=== Section Start ===

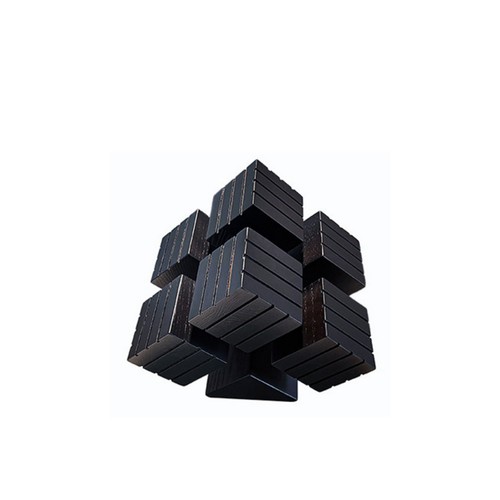 Geometrische tischskulptur - geometrische,
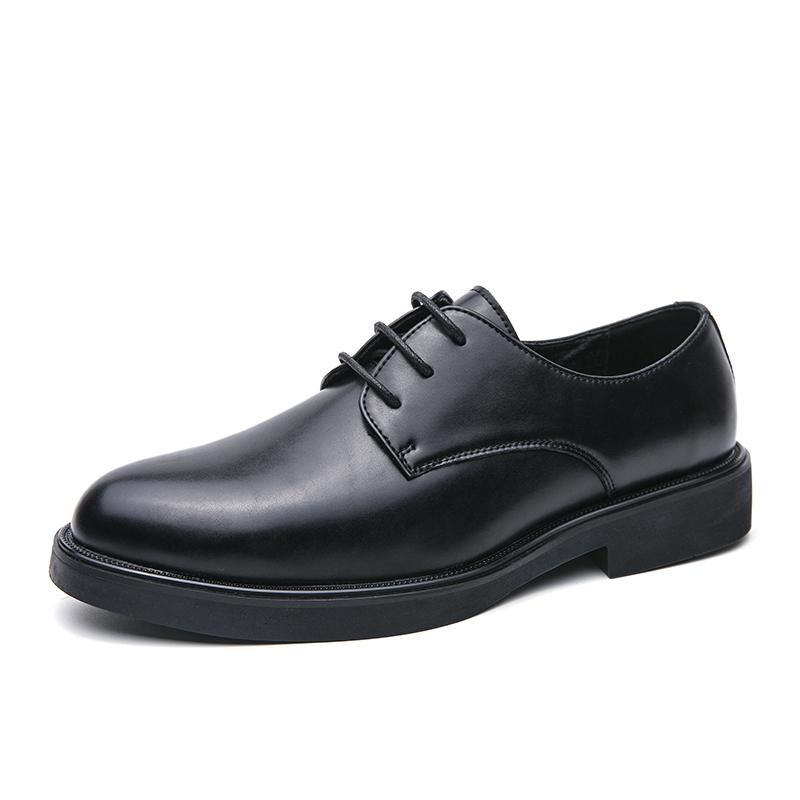 Spring Autumn Soft Sole Comfortable Casual Shoes Men's Outdoor Hiking Travel Shoes High End High Quality Men's Suit Dress Shoes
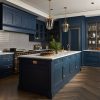 custom kitchen storage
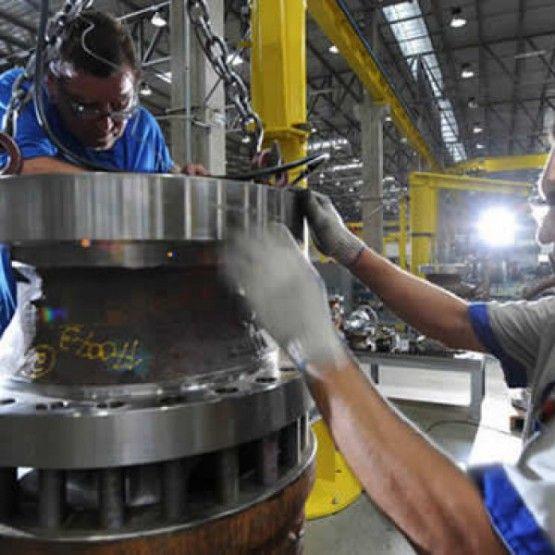 Instalação industrial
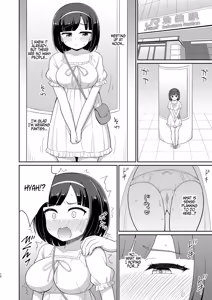 Page 9 of Roshutsu Shojo 5 - preview thumbnail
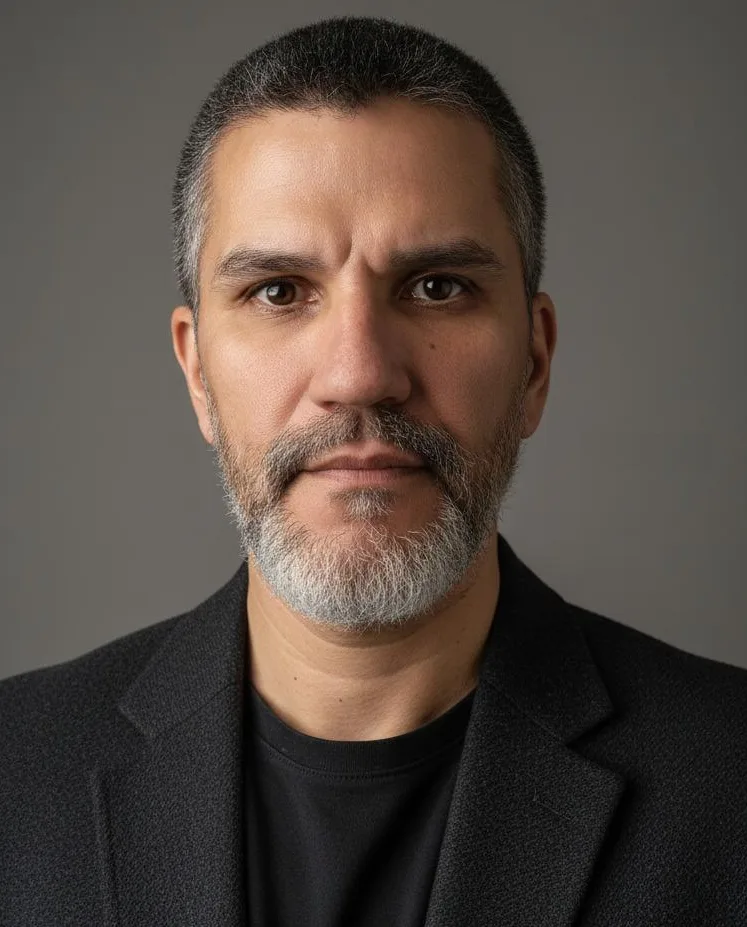Hugo F. — CDO & Chief Data Science Officer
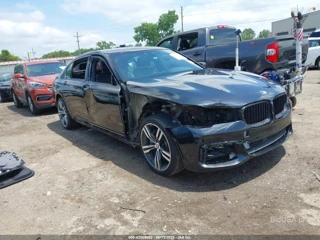 BMW 740I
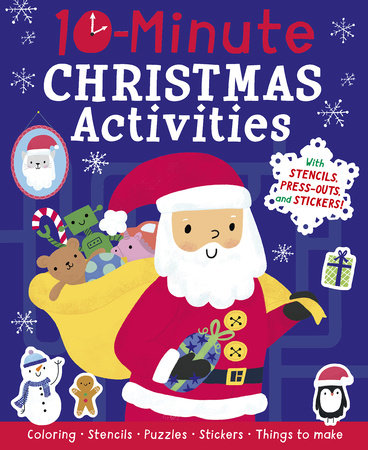 Tomfoolery Toys | 10-Minute Christmas Activities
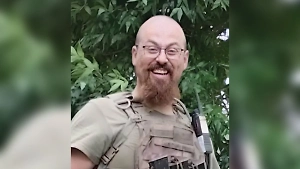 Ронин из США получил серьёзный срок в России за участие в боях на стороне ВСУ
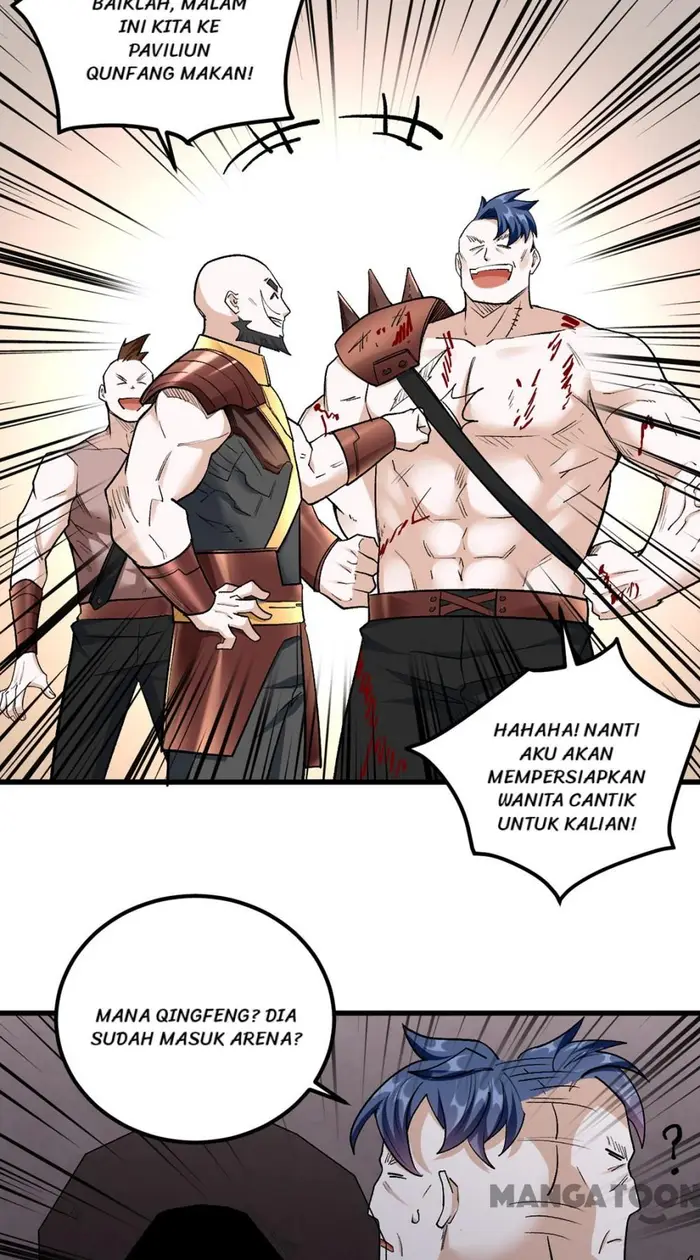 Martial Arts Reigns Chapter 454 Gambar 8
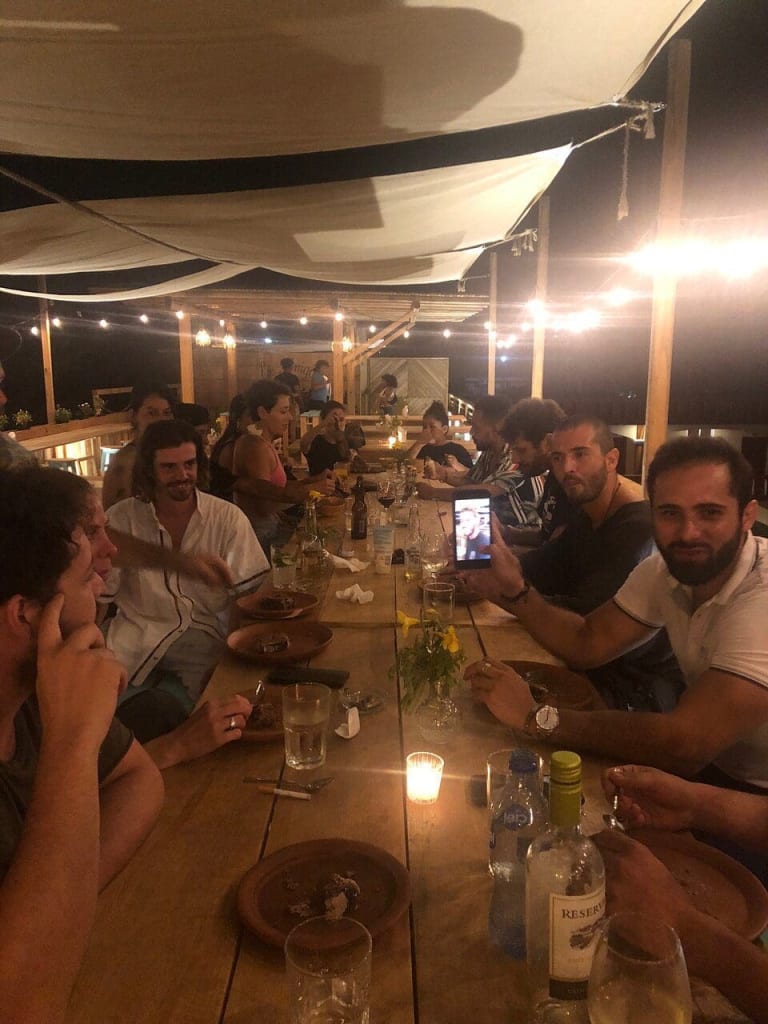 Los Amigos 4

=== Section End ===

Each line of the data is to be duplicated exactly; pictures stay out of the copy.

◆ Response box:
 Geometrische tischskulptur - geometrische,
 Spring Autumn Soft Sole Comfortable Casual Shoes Men's Outdoor Hiking Travel Shoes High End High Quality Men's Suit Dress Shoes
 custom kitchen storage
 Instalação industrial
 Page 9 of Roshutsu Shojo 5 - preview thumbnail
Hugo F. — CDO & Chief Data Science Officer
 BMW 740I
 Tomfoolery Toys | 10-Minute Christmas Activities
 Ронин из США получил серьёзный срок в России за участие в боях на стороне ВСУ
 Martial Arts Reigns Chapter 454 Gambar 8
 Los Amigos 4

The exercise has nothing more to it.